Seguiram-se outros temas do álbum “Jung” (homenagem ao psiquiatra e psicanalista Carl Jung, pioneiro da psicologia analítica): “Dreams, Myths and Fairytales” (saxofones que começam desencontrados mas que depois se vão unir), “The Shadow” (com mais um solo magnífico de José Soares, apoiado pela locomotiva rítmica de Diogo Alexandre) e “Mandala” (saxofones em diálogo, até que se vai desenvolvendo uma melodia envolvente). O público aplaudiu com entusiasmo, os músicos saíram para o intervalo.
O segundo set inclui mais dois temas do disco: “The Collective Unconscious” (abrindo com diálogo de frases curtas entre os saxofones) e “Synchronicity” (com bom solo de guitarra de Pereira). A setlist da segunda parte inclui ainda temas de discos anteriores do guitarrista: “Bohm’s Hologram” (do seu disco “New World”, de 2016) e “Refreshments” (de “Somewhere in the Middle”, de 2018) – com mais um solo de Pereira digno de nota. Individualmente, a guitarra de Vítor Pereira mostrou que não é exuberante, mas sabe estar sempre atenta e presente. Nesta segunda parte o guitarrista pareceu estar mais desinibido e a guitarra soou mais fluída, mostrando momentos solo mais interessantes.
A principal qualidade desta música assenta na excelência do trabalho de composição de Pereira: a música nunca é óbvia nem fácil, não segue linhas retas, explora diferentes elementos dentro de cada tema, mas inclui sempre ganchos que conseguem agarrar o ouvinte.
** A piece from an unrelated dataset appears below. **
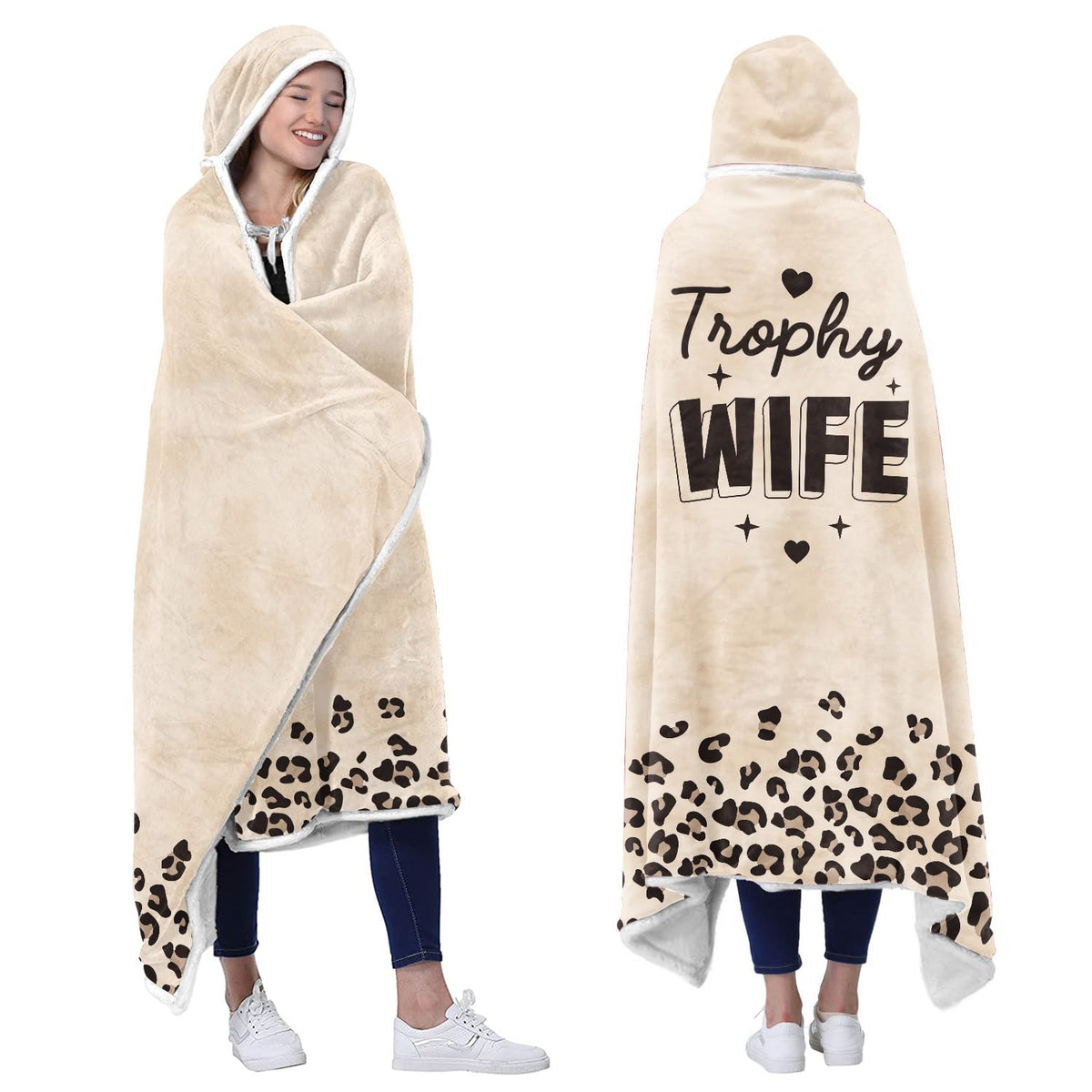 Vprintes plaid à capuche vu de face montrant le design romantique et confort immédiat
O quarteto que aqui acompanhou o guitarrista e compositor mostrou capacidade para se adaptar, interpretando os temas com personalidade, acrescentado novas ideias. Apesar de ter sido a primeira atuação, o grupo mostrou uma óptima performance coletiva. Havendo ainda questões por limar, nas próximas noites a música só pode crescer.